Semi-Homemade Wickles Pickles -aka Fire and Ice Pickles

While I make a lot of different pickles this is the first time I've started with a jar of store bought and doctored them up, it was a fun little project that created some very tasty ~and very sweet~ pickles. I've never had Wickles so I can't speak to how close these are in taste, but I can say the garlic flavor was amazing and the little kick of heat in the background was very nice. I don't know if there's such a thing as Party Pickles, but I can see these Homemade Wickles/Fire and Ice Pickles being a lot of fun during football season!

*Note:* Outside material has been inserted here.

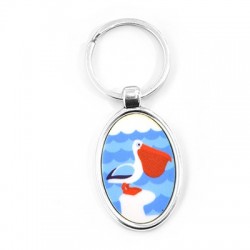 Keyring Metal w/ Plexi Acrylic Pelican 36x50mm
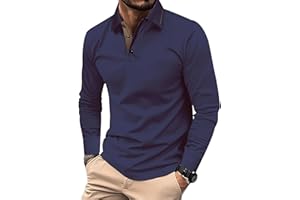 Comilaka Uomo Polo Casual Manica Lunga Poloshirt Top Golf Maglietta Cotone Colori a Contrasto Autunno Inverno Classico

The author says it's very important to find sour pickles and not use kosher dills... 
I noticed that after I bought my pickles, I won't say what ones I picked up:@)
Stop by Deep South Dish for other helpful notes about these pickles.

Semi-Homemade Wickles Pickles/Fire and Ice Pickles-from Deep South Dish
46oz jar whole sour dill pickles, about 6 C sliced 1/2" thick (not kosher dills)
2 1/2 C sugar
4 cloves garlic, minced or thinly sliced
2 tsp pickled jalapeno, or to taste, or sub fresh jalapeno-I just used one whole fresh one
2 tsp red pepper flakes
2 tsp pickling spice
  1. Drain pickles, discard juice, save jar and lid. Slice pickles 1/2" thick.
  2. Begin layering all ingredients in jar. Aim to split things up in four layers.
  3. Let sit on the counter for about an hour. Once the sugar starts to liquify gently shake the jar and turn it upside down a bit to try to get the sugar off the bottom of the jar. 
  4. Let sit on the counter a few more hours or overnight. 
  5. Shake or stir, store in fridge and let marinate for at least two more days (longer is better).